We study algorithms for combinatorial market design problems, where a set of heterogeneous and indivisible objects are priced and sold to potential buyers subject to equilibrium constraints. Extending the CWE notion introduced by Feldman et al. [STOC 2013], we introduce the concept of a Market-Clearing Combinatorial Walrasian Equilibium (MC-CWE) as a natural relaxation of the classical Walrasian equilibrium (WE) solution concept. The only difference between a MC-CWE and a WE is the ability for the seller to bundle the items prior to sale. This innocuous and natural bundling operation imposes a plethora of algorithmic and economic challenges and opportunities. Unlike WE, which is guaranteed to exist only for (gross) substitutes valuations, a MC-CWE always exists.

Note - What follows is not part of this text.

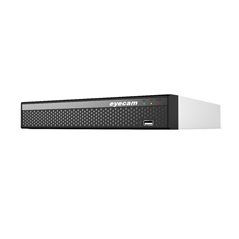 NVR 8 Canale POE ultra HD 4K / 5MP Eyecam EC‐NVR1312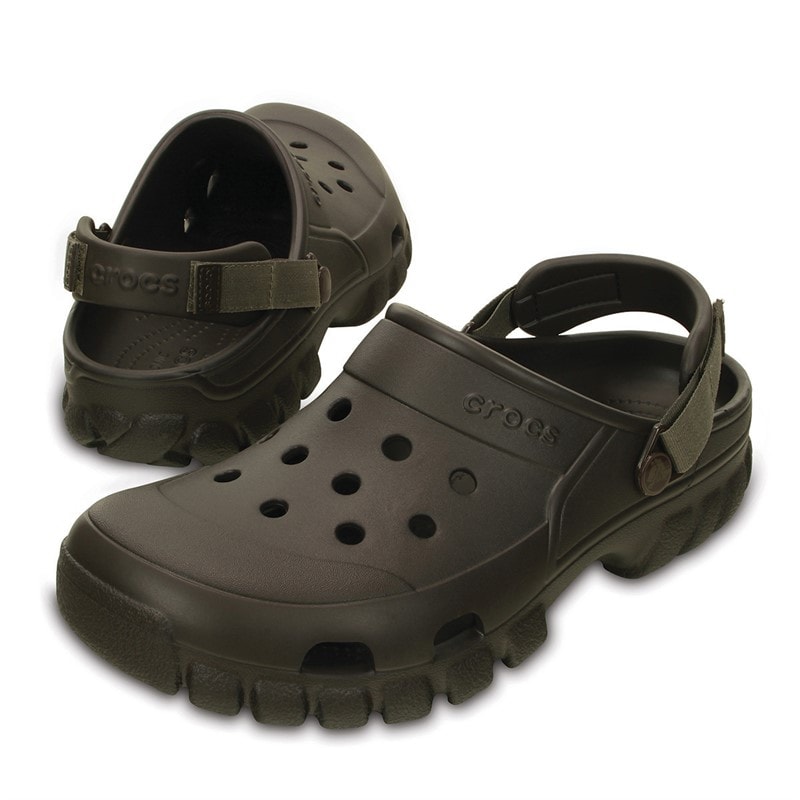Crocs Offroad Sport Clogs Espresso/Walnut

The main algorithmic challenge, therefore, is to design computationally efficient mechanisms that generate MC-CWE outcomes that approximately maximize social welfare. For a variety of valuation classes encompassing substitutes and complements (including super-additive, single-minded and budget-additive valuations), we design polynomial-time MC-CWE mechanisms that provide tight welfare approximation results.


Social Welfare Clear Market Price Vector Full Version Combinatorial Auction 
These keywords were added by machine and not by the authors. This process is experimental and the keywords may be updated as the learning algorithm improves.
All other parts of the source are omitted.